純情、恋情、にぶんのいち!



すぐ傍にある美しいお顔をぼうっと見上げていると、突然、別なキラキラオーラが降ってきた。


「泰人、手!」

「わーお。見つかっちった?」

「見つかるもなにも、おまえは絶対わざとだろ!」

「やー、バレた?」


ゆるゆると離れていくヤス先輩の手のひら。
温もりが消えた左の肩が、なんだか少しだけ肌寒い。


「じゃ、次はおれが打っちゃおっかなー」


財布から小銭を取りだしたヤス先輩が立ち上がる。

シロウトと言いながら、きっととーご先輩といっしょに打つことも少なくないのだろう、ヤス先輩は飛んでくる白球をとても軽々と打ち返し始めたのだった。


「千笑ちゃんも打とうよ」

「え……でも、」

「絶対楽しいよ。
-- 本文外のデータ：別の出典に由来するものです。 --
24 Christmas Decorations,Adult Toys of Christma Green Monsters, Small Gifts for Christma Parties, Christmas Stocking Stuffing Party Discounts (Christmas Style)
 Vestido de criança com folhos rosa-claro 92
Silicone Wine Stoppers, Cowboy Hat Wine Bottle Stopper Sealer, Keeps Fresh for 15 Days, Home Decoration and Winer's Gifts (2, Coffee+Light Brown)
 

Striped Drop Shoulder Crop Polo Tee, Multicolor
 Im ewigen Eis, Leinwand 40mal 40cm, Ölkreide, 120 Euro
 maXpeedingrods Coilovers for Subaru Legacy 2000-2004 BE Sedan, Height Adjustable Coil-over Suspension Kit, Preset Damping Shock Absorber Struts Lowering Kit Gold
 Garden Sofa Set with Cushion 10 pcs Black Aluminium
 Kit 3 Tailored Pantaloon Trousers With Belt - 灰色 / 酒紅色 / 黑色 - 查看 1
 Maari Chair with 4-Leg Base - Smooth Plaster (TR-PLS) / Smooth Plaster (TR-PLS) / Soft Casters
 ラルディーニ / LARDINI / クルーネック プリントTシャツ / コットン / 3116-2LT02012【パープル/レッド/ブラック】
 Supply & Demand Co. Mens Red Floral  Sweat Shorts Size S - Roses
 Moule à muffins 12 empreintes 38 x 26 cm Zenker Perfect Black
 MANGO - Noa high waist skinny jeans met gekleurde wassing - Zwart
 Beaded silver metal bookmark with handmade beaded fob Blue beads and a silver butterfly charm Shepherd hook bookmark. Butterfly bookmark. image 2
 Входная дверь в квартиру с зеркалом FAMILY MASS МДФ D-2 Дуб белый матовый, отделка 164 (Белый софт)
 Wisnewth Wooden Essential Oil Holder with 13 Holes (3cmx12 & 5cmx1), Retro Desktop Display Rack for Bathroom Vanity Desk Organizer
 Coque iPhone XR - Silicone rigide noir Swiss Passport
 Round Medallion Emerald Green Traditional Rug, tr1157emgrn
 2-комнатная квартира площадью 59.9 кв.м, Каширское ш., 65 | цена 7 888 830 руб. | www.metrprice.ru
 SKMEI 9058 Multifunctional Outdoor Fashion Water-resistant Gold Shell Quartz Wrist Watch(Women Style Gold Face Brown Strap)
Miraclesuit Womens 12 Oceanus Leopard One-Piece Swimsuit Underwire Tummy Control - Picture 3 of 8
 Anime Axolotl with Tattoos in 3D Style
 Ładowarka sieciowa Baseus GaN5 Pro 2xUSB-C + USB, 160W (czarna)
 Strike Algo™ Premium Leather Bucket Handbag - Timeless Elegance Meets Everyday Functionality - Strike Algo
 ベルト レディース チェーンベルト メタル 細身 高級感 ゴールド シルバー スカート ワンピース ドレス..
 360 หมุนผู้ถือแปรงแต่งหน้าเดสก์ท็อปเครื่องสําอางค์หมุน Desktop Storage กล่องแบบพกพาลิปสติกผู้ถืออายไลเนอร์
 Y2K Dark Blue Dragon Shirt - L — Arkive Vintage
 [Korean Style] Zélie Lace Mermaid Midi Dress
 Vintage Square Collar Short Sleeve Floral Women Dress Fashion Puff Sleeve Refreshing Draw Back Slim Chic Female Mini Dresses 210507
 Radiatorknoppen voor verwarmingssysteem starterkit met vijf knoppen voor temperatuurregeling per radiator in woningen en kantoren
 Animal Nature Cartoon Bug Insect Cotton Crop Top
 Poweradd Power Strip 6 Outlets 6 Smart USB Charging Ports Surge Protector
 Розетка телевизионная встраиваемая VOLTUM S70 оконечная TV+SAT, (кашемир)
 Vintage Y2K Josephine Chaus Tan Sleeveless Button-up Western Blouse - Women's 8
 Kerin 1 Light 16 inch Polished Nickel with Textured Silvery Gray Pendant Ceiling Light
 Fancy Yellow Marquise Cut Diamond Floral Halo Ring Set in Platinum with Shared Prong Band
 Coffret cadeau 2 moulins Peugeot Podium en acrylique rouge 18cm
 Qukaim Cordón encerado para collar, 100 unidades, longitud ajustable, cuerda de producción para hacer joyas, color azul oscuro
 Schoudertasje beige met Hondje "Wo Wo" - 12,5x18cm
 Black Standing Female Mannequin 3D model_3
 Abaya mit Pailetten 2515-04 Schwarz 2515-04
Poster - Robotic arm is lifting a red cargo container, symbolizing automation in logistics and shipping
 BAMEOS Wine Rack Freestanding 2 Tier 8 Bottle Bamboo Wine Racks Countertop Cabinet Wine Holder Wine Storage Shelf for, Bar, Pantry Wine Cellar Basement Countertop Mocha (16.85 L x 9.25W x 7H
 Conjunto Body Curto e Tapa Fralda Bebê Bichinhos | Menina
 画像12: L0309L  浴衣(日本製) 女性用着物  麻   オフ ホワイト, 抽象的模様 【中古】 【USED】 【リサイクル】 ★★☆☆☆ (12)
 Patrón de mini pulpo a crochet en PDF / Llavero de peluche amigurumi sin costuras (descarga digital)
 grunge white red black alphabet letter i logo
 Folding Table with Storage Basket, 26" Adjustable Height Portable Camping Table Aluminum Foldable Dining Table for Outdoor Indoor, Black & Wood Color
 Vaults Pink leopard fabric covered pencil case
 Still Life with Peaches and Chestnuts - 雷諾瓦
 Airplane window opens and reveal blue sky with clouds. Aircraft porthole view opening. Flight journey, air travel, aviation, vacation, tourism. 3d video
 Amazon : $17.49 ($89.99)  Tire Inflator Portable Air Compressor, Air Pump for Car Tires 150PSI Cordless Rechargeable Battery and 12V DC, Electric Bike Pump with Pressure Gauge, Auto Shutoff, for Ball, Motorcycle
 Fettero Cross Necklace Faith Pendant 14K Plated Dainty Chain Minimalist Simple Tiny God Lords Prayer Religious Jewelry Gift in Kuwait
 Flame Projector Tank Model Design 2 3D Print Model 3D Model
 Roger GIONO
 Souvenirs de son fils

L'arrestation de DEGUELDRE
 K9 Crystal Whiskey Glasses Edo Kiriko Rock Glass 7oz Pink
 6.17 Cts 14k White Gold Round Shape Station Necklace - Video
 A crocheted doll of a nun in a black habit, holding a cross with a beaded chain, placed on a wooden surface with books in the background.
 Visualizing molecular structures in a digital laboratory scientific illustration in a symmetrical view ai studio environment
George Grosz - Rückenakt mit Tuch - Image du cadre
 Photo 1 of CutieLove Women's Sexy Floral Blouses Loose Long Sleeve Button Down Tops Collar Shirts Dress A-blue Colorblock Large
打てなくてもそうだし、打てたらほんとに気持ちいい!」


手を引かれて、バッターボックスまで連れていかれる。
80キロの球を放るレーン。ぜんぜんダメで、笑えてくる。


その隣でとーご先輩が130キロの球を難なく打ちはじめた。

野球はもうやめてしまったと言ったけど、中学時代はきっとすごい選手だったのだろうなあ、と勝手に想像してしまう。


いつのまにか全身が痛い。

手持ちのお金がなくなるまで延々と打ち続けていたら、外に出たときにはもう、空が暗かった。